- The Washington Times - Thursday, April 17, 2003

DALLAS, April 17 (UPI) — Angry union leaders Thursday demanded to know why they were not informed about a plan for executive bonuses and retirement protection at American Airlines before their members approved concessions to keep the airline out of bankruptcy.

An official of the Transport Workers Union threatened to withhold his signature from the $620 million in concessions his members approved in a vote Tuesday, even if it led to American filing for bankruptcy.

James C. Little, director of the union's air transportation division, said in an online memo to members that the special pension trust is the "opposite of shared sacrifice" and calls into question the basis for the givebacks.

The Wall Street Journal reported Wednesday that American filed the plan with the Securities and Exchange Commission on Tuesday. The union members approved the concessions in votes announced Tuesday and Wednesday.

Union leaders said they didn't learn about the executive plans until Wednesday when the Journal reported the filing.

"We have signed no new agreement, and in light of the disclosure in AA's SEC filing, we must reconsider whether we will sign off, even if the consequence is a bankruptcy," Little told members.

Unions leaders said American failed to inform them about the plan that provides retention bonuses to top executives if they stay through January 2005 and protects a portion of retirement for 45 top executives if the company must file for bankruptcy.

Capt. John Darrah, president of the Allied Pilots Association, said members were "justifiably irate at the latest revelations" and that every American employee should question management's motives on executive compensation.
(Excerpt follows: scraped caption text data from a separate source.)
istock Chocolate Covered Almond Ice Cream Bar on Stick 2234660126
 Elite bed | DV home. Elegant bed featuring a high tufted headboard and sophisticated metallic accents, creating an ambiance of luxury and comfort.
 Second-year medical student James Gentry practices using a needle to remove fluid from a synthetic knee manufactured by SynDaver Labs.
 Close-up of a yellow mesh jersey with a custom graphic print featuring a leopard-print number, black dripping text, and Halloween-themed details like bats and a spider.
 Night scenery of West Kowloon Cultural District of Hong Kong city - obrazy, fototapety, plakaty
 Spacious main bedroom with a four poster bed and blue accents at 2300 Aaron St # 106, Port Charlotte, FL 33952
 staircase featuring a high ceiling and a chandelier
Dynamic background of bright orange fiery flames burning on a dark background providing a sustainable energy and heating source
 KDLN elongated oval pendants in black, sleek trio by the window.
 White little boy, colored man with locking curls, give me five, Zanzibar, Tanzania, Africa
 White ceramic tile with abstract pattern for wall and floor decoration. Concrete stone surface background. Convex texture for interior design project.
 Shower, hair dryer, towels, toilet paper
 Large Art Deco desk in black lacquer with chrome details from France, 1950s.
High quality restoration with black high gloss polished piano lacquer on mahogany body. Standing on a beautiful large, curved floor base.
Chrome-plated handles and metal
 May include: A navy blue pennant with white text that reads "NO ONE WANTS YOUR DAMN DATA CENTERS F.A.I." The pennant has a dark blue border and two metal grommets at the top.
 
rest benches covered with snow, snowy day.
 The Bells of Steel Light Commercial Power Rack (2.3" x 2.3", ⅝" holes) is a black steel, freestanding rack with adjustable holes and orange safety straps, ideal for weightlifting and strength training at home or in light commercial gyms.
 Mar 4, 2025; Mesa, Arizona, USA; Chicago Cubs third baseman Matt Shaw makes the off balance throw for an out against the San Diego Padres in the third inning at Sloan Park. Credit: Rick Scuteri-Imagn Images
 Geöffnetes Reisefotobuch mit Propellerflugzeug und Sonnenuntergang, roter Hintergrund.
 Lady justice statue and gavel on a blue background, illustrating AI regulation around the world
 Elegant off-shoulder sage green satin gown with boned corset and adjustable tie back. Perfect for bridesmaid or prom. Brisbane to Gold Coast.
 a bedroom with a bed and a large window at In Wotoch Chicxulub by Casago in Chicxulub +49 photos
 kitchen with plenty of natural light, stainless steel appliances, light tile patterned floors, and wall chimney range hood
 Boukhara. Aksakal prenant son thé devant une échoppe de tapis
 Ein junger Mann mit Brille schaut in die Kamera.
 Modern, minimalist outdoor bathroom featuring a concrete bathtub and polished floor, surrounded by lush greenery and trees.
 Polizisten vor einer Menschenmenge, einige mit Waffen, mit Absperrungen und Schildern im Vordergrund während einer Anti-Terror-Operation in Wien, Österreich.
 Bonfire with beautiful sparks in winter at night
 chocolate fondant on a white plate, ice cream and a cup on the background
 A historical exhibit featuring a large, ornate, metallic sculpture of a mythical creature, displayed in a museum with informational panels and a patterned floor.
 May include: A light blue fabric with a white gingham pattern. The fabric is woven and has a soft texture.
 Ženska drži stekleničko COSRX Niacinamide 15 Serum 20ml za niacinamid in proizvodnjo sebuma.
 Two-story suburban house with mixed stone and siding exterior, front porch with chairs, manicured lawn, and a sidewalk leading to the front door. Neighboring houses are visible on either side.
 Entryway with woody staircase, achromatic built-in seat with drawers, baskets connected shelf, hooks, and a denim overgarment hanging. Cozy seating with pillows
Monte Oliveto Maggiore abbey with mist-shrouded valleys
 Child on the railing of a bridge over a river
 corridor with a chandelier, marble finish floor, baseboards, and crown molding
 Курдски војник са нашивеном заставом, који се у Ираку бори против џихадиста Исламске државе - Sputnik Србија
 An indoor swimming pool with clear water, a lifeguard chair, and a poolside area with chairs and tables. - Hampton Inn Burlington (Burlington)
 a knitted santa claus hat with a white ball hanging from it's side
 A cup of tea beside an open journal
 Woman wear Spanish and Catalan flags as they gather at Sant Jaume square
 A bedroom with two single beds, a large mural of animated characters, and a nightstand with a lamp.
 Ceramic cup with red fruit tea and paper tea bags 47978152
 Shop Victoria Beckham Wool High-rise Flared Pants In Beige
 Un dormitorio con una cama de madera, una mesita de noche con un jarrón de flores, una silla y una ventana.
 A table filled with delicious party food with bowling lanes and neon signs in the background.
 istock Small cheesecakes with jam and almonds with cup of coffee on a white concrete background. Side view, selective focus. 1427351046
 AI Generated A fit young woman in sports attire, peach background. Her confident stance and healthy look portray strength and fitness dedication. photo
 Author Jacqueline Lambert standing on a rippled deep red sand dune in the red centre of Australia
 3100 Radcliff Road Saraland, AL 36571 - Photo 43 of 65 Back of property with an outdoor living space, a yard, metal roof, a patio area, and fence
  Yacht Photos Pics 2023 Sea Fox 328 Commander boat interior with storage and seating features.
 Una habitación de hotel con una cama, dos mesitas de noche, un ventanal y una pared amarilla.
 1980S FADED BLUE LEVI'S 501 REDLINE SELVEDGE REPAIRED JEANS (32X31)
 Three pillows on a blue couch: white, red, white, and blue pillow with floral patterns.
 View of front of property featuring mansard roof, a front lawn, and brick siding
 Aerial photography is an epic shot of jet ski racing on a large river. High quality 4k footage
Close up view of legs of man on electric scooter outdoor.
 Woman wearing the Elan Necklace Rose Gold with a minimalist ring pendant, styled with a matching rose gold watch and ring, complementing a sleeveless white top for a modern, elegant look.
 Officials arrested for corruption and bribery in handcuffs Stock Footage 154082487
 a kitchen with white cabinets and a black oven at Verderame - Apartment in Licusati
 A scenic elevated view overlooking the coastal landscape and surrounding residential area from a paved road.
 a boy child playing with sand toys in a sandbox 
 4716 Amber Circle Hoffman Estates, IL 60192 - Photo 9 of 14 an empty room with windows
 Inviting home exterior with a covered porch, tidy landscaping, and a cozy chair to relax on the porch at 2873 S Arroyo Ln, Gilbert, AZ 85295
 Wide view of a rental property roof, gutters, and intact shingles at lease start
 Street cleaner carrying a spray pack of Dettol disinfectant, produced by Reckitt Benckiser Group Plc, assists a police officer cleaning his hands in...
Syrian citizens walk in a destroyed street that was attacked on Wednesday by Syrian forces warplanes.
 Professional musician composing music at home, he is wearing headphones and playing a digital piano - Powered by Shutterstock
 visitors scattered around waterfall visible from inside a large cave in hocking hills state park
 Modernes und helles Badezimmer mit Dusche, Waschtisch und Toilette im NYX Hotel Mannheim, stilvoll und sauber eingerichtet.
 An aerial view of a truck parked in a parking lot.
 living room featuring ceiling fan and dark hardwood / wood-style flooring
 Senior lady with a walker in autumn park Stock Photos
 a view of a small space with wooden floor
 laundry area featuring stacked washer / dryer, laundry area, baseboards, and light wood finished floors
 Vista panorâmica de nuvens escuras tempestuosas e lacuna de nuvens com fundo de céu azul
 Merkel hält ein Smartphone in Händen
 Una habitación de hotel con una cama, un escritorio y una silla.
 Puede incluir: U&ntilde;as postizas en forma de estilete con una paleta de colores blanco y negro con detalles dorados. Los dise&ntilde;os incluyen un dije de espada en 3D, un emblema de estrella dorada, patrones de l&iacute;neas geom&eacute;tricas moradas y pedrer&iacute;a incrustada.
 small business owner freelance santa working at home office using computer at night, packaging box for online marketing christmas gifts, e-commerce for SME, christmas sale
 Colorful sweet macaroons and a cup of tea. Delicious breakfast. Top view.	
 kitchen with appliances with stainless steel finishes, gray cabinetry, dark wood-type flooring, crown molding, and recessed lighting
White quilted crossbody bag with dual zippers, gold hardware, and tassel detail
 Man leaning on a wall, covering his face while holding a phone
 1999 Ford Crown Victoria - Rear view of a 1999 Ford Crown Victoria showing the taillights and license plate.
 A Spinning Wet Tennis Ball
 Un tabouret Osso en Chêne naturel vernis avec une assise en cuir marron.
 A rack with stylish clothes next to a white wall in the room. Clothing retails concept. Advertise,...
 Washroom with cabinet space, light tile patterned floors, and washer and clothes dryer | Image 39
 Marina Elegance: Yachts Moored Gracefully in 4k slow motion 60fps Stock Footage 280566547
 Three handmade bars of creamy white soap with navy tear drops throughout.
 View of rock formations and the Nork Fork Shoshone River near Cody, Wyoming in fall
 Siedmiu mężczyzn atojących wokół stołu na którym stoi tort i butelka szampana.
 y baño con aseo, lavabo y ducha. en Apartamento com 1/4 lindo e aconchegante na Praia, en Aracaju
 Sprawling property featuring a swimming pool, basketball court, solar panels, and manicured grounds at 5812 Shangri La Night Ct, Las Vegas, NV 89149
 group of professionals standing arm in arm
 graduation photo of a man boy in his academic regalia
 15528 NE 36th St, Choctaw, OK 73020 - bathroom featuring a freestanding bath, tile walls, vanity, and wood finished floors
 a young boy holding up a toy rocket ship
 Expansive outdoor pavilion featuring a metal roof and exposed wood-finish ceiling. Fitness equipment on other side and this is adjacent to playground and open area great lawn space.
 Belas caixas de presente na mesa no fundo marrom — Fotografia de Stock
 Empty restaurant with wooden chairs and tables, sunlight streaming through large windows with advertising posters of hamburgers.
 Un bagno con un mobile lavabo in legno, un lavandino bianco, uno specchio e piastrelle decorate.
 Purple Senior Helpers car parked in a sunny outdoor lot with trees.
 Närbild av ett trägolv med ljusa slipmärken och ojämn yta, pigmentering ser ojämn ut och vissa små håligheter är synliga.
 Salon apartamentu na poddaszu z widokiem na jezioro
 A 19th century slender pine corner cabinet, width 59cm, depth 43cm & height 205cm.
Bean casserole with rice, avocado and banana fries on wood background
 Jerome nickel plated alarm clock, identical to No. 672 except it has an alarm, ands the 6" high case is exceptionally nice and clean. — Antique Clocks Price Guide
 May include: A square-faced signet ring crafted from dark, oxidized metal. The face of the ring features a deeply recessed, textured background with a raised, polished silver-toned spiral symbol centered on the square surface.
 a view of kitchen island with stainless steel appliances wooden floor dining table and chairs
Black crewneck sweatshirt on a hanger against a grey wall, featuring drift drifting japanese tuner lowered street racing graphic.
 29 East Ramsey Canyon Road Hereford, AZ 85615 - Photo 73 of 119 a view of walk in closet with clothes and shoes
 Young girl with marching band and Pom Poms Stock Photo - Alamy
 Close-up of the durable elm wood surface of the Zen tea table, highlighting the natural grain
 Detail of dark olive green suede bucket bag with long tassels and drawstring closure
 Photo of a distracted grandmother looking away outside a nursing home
"From the very beginning of our discussions concerning cost savings, we stressed to management that both the sacrifices and the potential future upside must be shared between the employees and management," he said. "In light of the debate we had with management at the very end of negotiations concerning equity and upside sharing, we are particularly disturbed to see that both the sacrifices and upside potential appear utterly lopsided. That is unacceptable."

George Price, a spokesman for the Association of Professional Flight Attendants, told WFAA-TV the report of the executive funds was "simply outrageous" and that American executives should give the money back.

"To bring it out like this, for this to come out when it did, really does not bode well for trust within the company," he said.

The three major unions approved their shares of $1.8 billion in wage and benefit concessions that the company said it needed to avoid bankruptcy. Under the concessions, about 6,000 of the workers will lose their jobs and the others will accept wage cuts of 15 to 23 percent.

In a statement, American said the retirement plan could be "easily misconstrued" and that it was considered "conservative and responsible" and well below what other U.S. companies provided to their executives.

"Despite some reports, the company has not received any indication that its unions will not sign the agreements ratified by employees this week," the company added.

American said its senior officers are well below the 50th percentile of their peers in U.S. industry in terms of total compensation, including retirement benefits.

Don Carty, American's chief executive, is the fifth lowest paid CEO among the six top carriers and in total cash compensation for 2002 he ranks last, the airline stated, adding that his total compensation is down 88 percent. He hasn't received a bonus in two years and has declined a bonus for a third year, according to the airline.

American also announced Thursday it would immediately begin reducing the size of its management team by a further 5 percent, as announced earlier. The company already had cut 22 percent of its management staff since 2001.